The XX Factor

The Newest Crisis Pregnancy Center Offer: “Abortion Reversals”

Abortion reversals, pitched to the mostly mythical woman who says not yes or no but “maybe so.”

Photo by Peter Muhly/AFP/Getty Images

In order to justify the crush of medically unnecessary regulations on abortion clinics in recent years, it’s become common for anti-choicers to pose as the protectors of women’s health. Considering how much more dangerous childbirth is than abortion, this has always been a farcical claim, but now it appears some anti-choice activists are taking it a step further and actively encouraging women to take what could be a very serious risk to their health. Elizabeth Kulze at Vocativ reports that a crisis pregnancy center in Iowa (called the Women’s Choice Center, one of the more obnoxious examples of anti-choice centers trying to trick you into thinking they provide abortion) is offering “abortion reversals” to women who are halfway through a medication abortion. 

Medication abortions are typically done with two pill doses in the first 63 days of pregnancy. The first, a dose of mifepristone you take at the doctor’s office, blocks progesterone receptors and helps soften up the cervix and promote uterine contractions. The second pill, misoprostol, causes the uterus to expel its contents. Misoprostol can work on its own—many black-market abortion pills are just misoprostol—but, according to the American Congress of Obstetricians and Gynecologists, taking the mifepristone improves the likelihood of a safe, complete abortion. 

“Abortion reversal” is a procedure—I hate to even use that word when it’s really more an experiment—in which progesterone is injected into a patient after she has taken mifepristone in an effort to reverse its effects. It was developed by an anti-abortion doctor named George Delgado. In 2012 in the Annals of Pharmacotherapy, Delgado claimed to have injected progesterone into six women to reverse the effects of mifepristone, which resulted in four of those women giving birth. In a 2014 presentation to the American Association of Pro-Life Obstetricians and Gynecologists, he claimed 30 more live births. But, outside of the 2012 paper about the six women, there’s no real information available on the safety or efficacy of this largely untested procedure. 

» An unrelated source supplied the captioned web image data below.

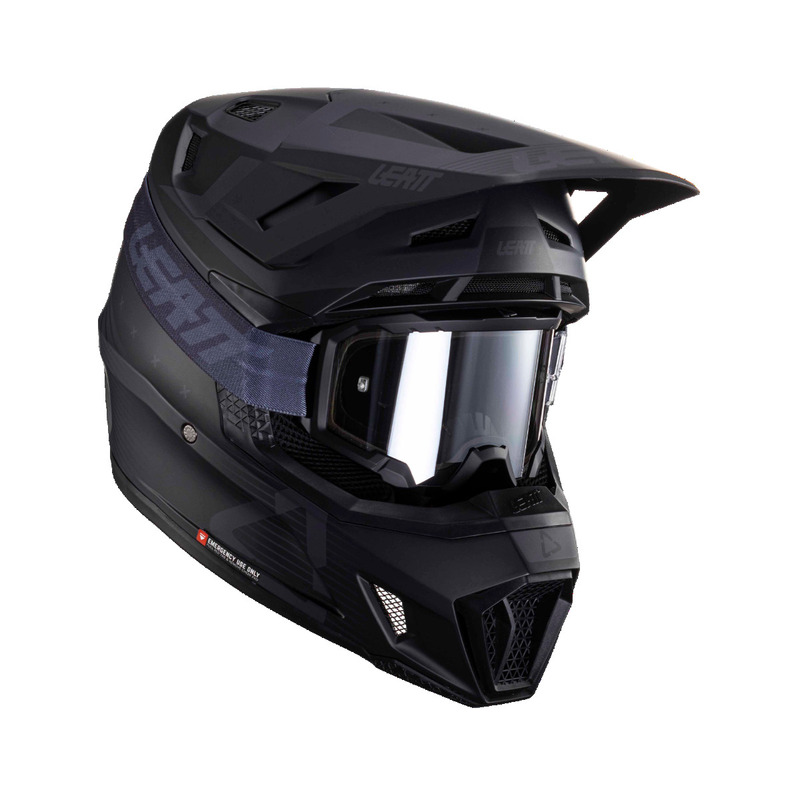 Leatt Moto 7.5 V24 Stealth Helmet Kit - Speed Addicts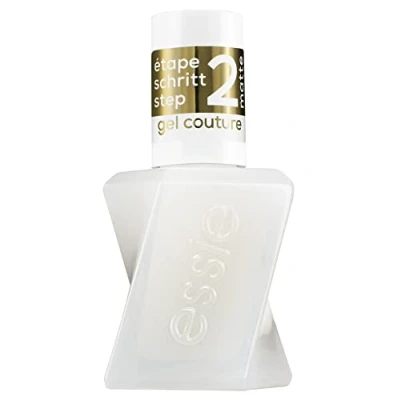 Image of essie Gel Nail Polish Matte Top Coat Couture Clear Longlasting, Chip Resistant, Fade No UV Lamp Required 13.5ml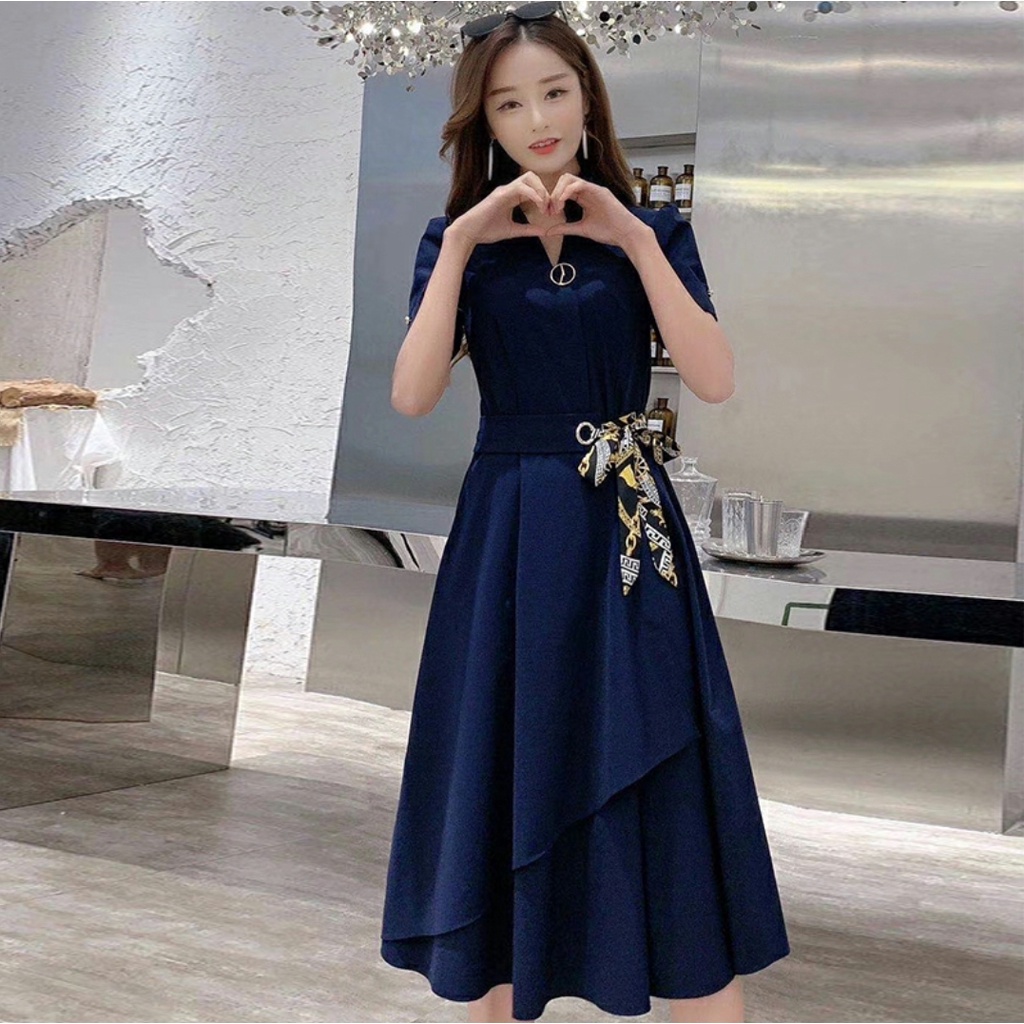 FWG - DRESS MOMITA / DRESS / BAJU DRESS WANITA KOREA / DRES KONDANGAN / DRESS WANITA / LONGDRESS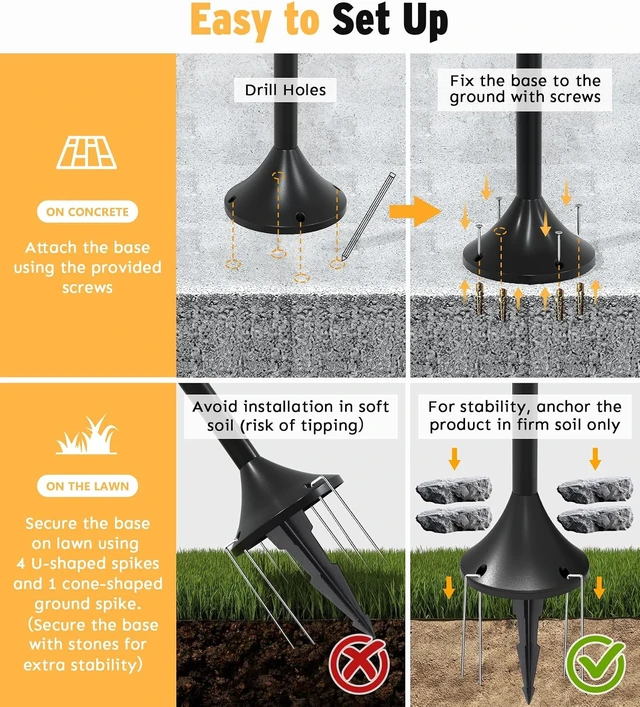 Alt view image 7 of 7 - 63" Solar Lamp Post Light 2 Pack, Solar Post Lights Outdoor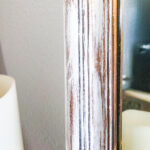 update an old mirror with dry brush painting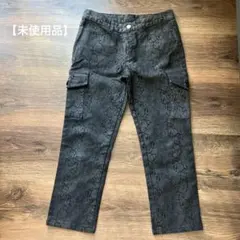 ヘビ柄カーゴパンツ 29/64cm レディースパンツ　アンクルパンツ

Delgado’s website, Abortion Pill Reversal, doesn’t offer much in the way of helpful information either. The single “success story” is little more than one of those fables of Christian redemption for sinful behavior. “Rhonda and Gary were both 18, in love, and in college. Like many in our society, they did not think that having sex prior to marriage carried any consequences or could hurt them in any way,” it reads. After a swipe at contraception use and another swipe at the idea of letting young women make their own choices, you get the priest intervening and the young woman being saved from the dangers of sex and independent thinking, all through the power of a progesterone injection after taking mifepristone. “They had recommitted themselves to their faith and were now trusting that God would guide them every step of the way,” Delgado writes. Readers who are skeptical that having a baby at 18 with your first real boyfriend is the key to happiness may not be convinced. But that hasn’t stopped several other crisis pregnancy centers from directing visitors to their web sites to Delgado’s.  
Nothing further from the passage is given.